From the battle of the supermarkets to a very timely social campaign, three news stories have got us talking this week. Let’s take a closer look.
Reading a publication is “time well spent”, finds new digital engagement research
How do readers feel about the content they engage with online in an increasingly digital age? Strongly and passionately, it turns out. Extensive Ipsos Mori research of 35,000 people for Pamco has found that 91% of people consider reading a publication to be time well spent, with 70% feeling a close connection to their chosen publication.
And when it comes to who to believe, The Guardian is reported to be the most trusted online title, followed by i and The Independent.
The research also explored combined monthly news brand reach (by print, phone, tablet and desktop), with the UK’s most popular title emerging as The Sun (31.4m readers) and the Daily Mail (28.9m). “Our new engagement metrics show the high levels of trust readers place in established media brands,” said Pamco’s chief executive Simon Redican.
Will Sainsburys-Asda merger claim £1 in every £3 spent on UK groceries?
The planned merger between Sainsburys and Asda is a huge deal for not only food and drink brands, but also the UK retail landscape at large. But it’s not a done deal as yet. If the UK’s second and third-largest supermarkets do merge, this would create the UK’s biggest retail chain with a 31.4% market share.
And now the Competition and Markets Authority has said that the merger “raises sufficient concerns to be referred for a more in-depth review”, adding that “their stores overlap in hundreds of local areas, where shoppers could face higher prices or worse quality of service.”
While the competition body explores these issues, Tesco has formally launched its new discounter Jacks this week.

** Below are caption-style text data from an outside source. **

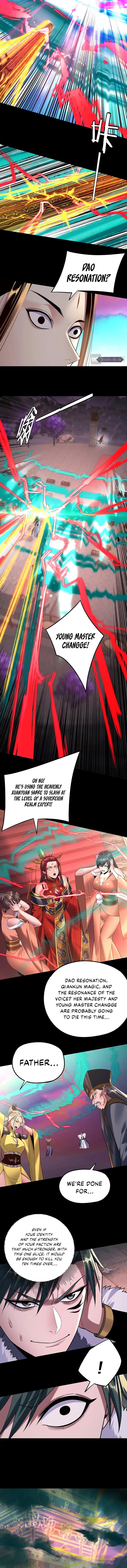 Read I Am The Fated Villain - Chapter 191 - iamthefatedvillainmanga.com | Image 4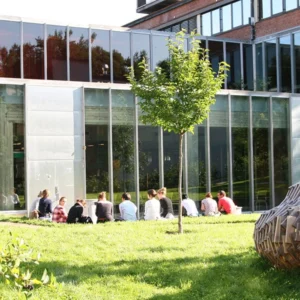 Oslo School of Architecture & Design 2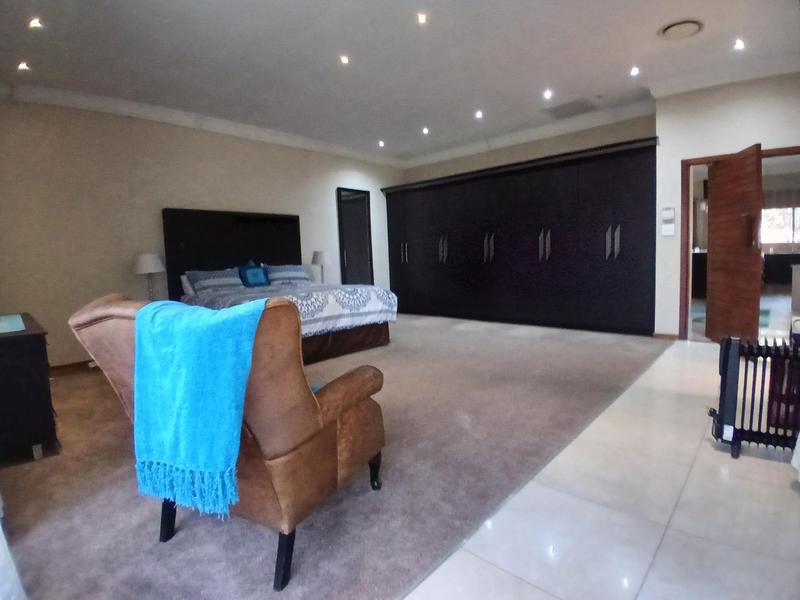 5 Bedroom Property for Sale in Ermelo Mpumalanga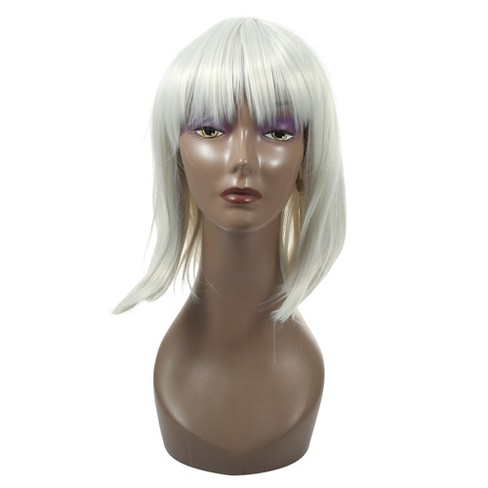 White wig target sale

Promising to be the “cheapest in town” with “lower prices” according to Tesco’s chief executive Dave Lewis, eight out of ten products stocked by Jacks will be made, grown or reared in Britain.
UK police latches onto Bodyguard’s success with swift social media campaign
It’s been a long time since there has been a TV event that’s had everyone buzzing – but the BBC One’s drama Bodyguard has dominated Sunday night ratings attracting over 10 million viewers upon its launch and gripping the nation throughout every nail-biting twist and turn.
With that many eyeballs – crossing multiple generations – watching the same story play out, a bright spotlight has been shone on the work carried out by the UK’s forces. This has been expertly captialised on by the communications team at Counter Terrorism Policing, who have used the show to raise their profile and promote careers.
Timely tweets and Instagram posts from Counter Terrorism Policing referencing #Bodyguard have attracted more than 3,000 engagements and 4,500 click-throughs so far, as part of the organisation’s strategy to “use social media as a recruitment tool … to attract a younger, more tech-savvy audience, whose skills will ensure we’re ready to face the evolving threat as it moves ever closer to a virtual online space.” Clever.